Lee's legislation isn't the only bipartisan bill on this topic moving through Congress. A measure recently introduced by Democrats Abigail Spanberger of Virginia and Jared Golden of Maine, along with Republicans Mike Gallagher of Wisconsin and Peter Meijer of Michigan, would repeal not only the 2002 law but also antiquated authorizations from 1991 (which precipitated the Persian Gulf War) and 1957 (to repel communism in the Middle East). There's also a Senate measure by Democrat Tim Kaine of Virginia and Republican Todd Young of Indiana to repeal both the 2002 and 1991 authorizations.
However, it is important that the effort not stop there. "Congress must do more than withdraw old permission slips and reduce America's heavy military presence abroad," Goldsmith wrote in a New York Times op-ed last month. "It should end its long acquiescence in presidential arrogation of war power by affirmatively prohibiting unilateral uses of force except in tightly defined circumstances of actual self-defense."
In other words, AUMF reform must be partnered with fundamental war powers reform to be effective.
In 2019, a coalition of good government groups articulated key principles for additional reform.
These include the reauthorization or sunset of all AUMFs after two years, a limitation on their scope, strengthened reporting requirements, tightened definitions of relevant terms such as "hostilities" and the cut-off of funds for any violations.

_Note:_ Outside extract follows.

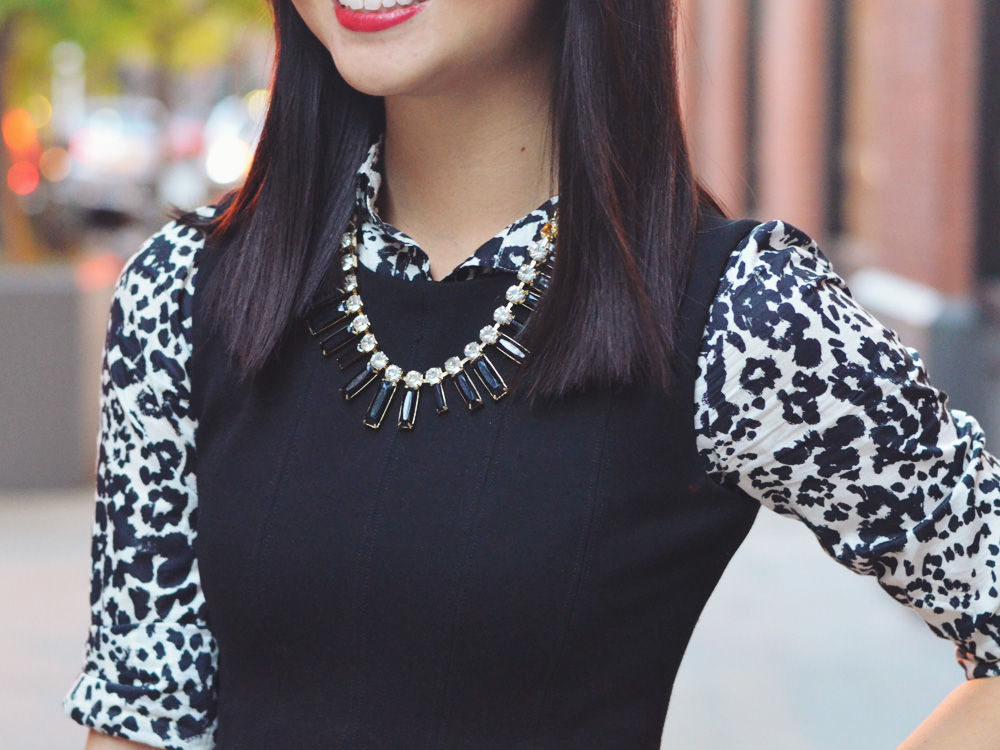 Skirt The Rules Blog; NYC fashion blogger; how to style a little black dress; how to wear a shirt under a dress; Zara black a-line skater skirt; J.Crew black and white snow leopard button up shirt; T&J Designs black statement necklace; Lipstick Rose Red Riding oxblood bangle bracelet; Michael Kors gold mother of pearl face boyfriend watch; Pour La Victoire Mai black patent wedge pumps; Olivia & Joy Rockefeller red satchel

During a long Senate career that included almost four years as Foreign Relations Committee chairman, President Biden was a champion of stronger war powers for the legislative branch and weaker ones for the executive. But, historically, Congress hasn't been willing to take up this cause, while presidents of all ideologies have fought to protect their own expanding power.
Between the recent and widespread action in Congress and Biden's record as a senator, there finally may be the sort of cooperative spirit in Washington necessary to make war powers reform reality. As McGovern told his House Rules hearing, sometimes it is possible to catch "lightning in a bottle" — times such as this one.